Cover Photo by FRANCIS WOLFF
Cover Design by REID MILES
Recording by RUDY VAN GELDER

RVG CD Reissue Liner Notes

A NEW LOOK AT GREEN STREET

As Leonard Feather points out, all trios are not the same. When we think of Grant Green operating in such a relatively modest format, we are likely to imagine the other slots filled by Hammond B-3 organ and drums. This is the unit Green featured on his debut disc, Grant's First Stand, as well as on his classic Talkin' About encounter with Larry Young and Elvin Jones. When Green dispensed with organ on his albums, he was likely to replace it with a piano, as he did to great effect on sessions with Kenny Drew, McCoy Tyner, Sonny Clark and Herbie Hancock.

The more intimate environment created with and drums in support that is heard on Green Street seems relatively out of character for the guitarist. This particular configuration conjures images of midtown New York guitar rooms like The Composer, where Tal Farlow used to hold forth, rather than of Count Basie's and the other Harlem clubs that were Green's typical haunts. It also cries out for a fuller, more active approach than Green's reputation for lean, bluesy insistence has led us to expect. Yet there is not the slightest indication that working without the support of a chording instrument posed a problem in any way. On the contrary, the bare-bones setting provided more room for Green to display his musicianship, and to reinforce the sense of flowing melodic invention and unshakable swing that had already led to comparisons with Charlie Christian.

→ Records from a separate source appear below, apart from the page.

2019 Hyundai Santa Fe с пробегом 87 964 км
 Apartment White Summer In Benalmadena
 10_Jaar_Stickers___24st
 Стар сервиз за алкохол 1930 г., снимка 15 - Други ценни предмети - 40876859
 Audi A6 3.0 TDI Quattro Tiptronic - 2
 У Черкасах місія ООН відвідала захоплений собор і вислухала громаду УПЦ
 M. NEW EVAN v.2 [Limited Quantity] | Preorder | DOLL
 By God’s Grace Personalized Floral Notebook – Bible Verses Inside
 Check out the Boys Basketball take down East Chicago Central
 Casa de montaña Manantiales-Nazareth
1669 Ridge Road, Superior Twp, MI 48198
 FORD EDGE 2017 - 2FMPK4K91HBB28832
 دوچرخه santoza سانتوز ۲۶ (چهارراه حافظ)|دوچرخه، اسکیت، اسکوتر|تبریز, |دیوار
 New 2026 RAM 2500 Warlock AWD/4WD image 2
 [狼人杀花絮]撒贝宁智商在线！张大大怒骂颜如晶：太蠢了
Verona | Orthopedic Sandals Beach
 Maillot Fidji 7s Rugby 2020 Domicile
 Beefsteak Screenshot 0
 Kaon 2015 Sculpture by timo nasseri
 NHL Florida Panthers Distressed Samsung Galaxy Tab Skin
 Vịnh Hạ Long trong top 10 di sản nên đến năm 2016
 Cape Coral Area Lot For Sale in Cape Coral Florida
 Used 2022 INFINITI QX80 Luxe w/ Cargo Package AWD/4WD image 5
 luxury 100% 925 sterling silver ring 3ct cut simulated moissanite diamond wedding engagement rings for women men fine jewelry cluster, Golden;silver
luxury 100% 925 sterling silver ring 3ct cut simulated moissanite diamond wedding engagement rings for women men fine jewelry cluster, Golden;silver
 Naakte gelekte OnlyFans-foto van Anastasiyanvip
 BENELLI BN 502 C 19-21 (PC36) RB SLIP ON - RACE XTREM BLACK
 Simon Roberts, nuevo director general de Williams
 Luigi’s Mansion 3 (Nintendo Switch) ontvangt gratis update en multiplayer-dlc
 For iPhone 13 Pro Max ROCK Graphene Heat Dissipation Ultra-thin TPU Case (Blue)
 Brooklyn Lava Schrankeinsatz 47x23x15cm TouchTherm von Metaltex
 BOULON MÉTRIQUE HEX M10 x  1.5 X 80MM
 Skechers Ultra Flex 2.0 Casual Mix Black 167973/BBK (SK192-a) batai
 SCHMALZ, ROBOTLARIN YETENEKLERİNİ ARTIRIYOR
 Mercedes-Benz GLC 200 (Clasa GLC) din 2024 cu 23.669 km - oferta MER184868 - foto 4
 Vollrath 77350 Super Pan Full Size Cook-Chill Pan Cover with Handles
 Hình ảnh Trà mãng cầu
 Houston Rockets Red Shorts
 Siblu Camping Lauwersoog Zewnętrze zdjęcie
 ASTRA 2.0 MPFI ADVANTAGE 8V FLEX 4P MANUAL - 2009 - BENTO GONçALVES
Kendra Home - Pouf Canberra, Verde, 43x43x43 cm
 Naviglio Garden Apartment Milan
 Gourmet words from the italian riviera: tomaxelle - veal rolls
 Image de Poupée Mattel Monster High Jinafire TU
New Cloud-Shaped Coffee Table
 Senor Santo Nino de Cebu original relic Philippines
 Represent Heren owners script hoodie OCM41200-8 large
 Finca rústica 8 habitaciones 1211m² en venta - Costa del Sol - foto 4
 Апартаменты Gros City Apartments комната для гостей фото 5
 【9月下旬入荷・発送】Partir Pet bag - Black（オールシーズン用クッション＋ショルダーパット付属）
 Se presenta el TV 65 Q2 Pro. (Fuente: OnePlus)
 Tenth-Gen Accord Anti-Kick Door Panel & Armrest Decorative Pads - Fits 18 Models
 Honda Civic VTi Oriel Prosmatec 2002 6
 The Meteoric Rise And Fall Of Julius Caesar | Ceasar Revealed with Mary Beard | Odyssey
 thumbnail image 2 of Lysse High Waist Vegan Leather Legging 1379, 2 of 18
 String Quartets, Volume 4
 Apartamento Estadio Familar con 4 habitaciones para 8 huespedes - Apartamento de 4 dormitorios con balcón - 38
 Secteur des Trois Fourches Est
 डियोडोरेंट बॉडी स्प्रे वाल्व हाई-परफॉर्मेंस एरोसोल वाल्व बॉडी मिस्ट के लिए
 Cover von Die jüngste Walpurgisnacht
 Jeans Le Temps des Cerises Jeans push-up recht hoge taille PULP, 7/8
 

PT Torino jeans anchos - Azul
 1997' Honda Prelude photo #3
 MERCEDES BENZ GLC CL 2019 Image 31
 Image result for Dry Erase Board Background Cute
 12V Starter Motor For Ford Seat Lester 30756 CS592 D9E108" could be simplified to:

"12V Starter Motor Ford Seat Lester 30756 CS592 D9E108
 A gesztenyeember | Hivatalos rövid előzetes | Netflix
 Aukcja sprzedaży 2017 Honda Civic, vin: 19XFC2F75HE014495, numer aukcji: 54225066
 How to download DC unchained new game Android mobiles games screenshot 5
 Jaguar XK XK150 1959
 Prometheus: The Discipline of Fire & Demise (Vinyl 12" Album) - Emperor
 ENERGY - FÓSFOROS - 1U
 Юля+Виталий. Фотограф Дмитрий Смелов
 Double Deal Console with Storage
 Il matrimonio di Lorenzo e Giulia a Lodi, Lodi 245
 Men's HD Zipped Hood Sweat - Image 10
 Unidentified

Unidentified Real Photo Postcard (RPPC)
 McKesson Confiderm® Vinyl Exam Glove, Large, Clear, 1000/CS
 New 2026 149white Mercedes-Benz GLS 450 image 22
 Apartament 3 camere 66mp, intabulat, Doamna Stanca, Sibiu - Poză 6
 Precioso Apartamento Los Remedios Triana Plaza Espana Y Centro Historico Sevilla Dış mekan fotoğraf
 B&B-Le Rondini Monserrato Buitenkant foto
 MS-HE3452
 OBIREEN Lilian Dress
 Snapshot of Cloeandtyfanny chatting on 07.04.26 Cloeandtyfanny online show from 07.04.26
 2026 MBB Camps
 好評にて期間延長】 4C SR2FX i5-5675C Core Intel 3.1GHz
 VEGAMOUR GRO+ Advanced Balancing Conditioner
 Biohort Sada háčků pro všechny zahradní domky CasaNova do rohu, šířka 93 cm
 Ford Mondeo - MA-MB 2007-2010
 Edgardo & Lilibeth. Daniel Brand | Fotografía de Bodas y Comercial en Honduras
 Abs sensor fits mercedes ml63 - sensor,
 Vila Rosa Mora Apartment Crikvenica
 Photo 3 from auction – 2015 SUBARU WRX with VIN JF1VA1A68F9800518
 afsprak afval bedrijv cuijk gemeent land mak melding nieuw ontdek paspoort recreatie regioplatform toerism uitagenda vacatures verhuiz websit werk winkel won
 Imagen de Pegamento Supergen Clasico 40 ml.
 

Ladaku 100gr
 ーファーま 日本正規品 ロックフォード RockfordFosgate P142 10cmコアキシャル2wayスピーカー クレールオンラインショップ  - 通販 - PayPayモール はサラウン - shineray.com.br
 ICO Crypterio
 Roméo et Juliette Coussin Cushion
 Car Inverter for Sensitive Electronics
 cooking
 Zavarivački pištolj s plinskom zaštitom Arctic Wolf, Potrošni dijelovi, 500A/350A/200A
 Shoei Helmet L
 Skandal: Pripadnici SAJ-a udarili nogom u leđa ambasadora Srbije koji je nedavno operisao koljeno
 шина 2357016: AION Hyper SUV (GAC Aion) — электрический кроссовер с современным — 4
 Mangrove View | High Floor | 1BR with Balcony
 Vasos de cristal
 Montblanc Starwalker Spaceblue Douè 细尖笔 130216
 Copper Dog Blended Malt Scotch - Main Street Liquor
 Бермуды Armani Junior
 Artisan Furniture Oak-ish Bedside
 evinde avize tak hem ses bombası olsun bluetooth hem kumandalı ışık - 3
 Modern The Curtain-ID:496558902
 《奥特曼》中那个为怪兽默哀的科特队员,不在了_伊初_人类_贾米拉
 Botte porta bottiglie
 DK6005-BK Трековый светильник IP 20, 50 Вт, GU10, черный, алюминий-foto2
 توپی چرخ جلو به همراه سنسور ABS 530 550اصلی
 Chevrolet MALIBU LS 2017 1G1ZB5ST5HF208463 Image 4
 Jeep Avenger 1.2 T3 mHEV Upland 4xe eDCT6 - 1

Bassist Ben Tucker and drummer Dave Bailey were ideal rhythm partners, as they would demonstrate again three weeks after this session on Lou Donaldson's Gravy Train. The pair had already recorded with Green in March, on a Bailey quintet session for the short-lived Jazztime label, and clearly had reached a rare comfort level. Each is the kind of player who does his job without calling undue attention to himself, which in this instance left space for Green to display his ability to adjust the weight of his lines on the fly through subtle adjustments of attack. Tucker's solo stretches also call forth some sympathetic chording from a guitarist known primarily as a king of the single line.

Green did an excellent job in selecting both material that would sustain extended exploration and tempos that add variety without breaking the overall mood. He had more than enough ideas of his own, a notion reinforced by the two alternate takes. (It is Bailey who drops out and creates the breakdown on the alternate "Green With Envy.") "'Round About Midnight" and "Alone Together" make it particularly clear that Green was not limited to blues and other basic harmonic terrains, as does "Green With Envy, " which is based on the chord changes of Horace Silver's "Nica's Dream." "Grant's Dimension" creates a different kind of challenge by adjusting the typical blues proportions — in effect it's a 20-bar AAB tune where the main section is eight bars long but the release only four. The more-familiar contours of "No. 1 Green Street" allow for a blues manifesto that is a counterpart to the astonishing "Miss Ann's Tempo" from Green's previous album.

The excellent results Green obtained here with just bass and drums might have led him into a slew of similar projects, especially since he once identified this setting in an interview as his favorite. Given his versatility, however, and the great popularity of organ groups, a substantial body of such trio music was not to be. Green did return to the format at Rudy Van Gelder's on one other occasion, when Wilbur Ware and Al Harewood joined him for an August 1961 session that was titled Standards when it first appeared in the U.S. in 1998. While Standards is a fine album, Green Street remains the definitive trio Grant Green, and a cornerstone of his varied and always satisfying discography.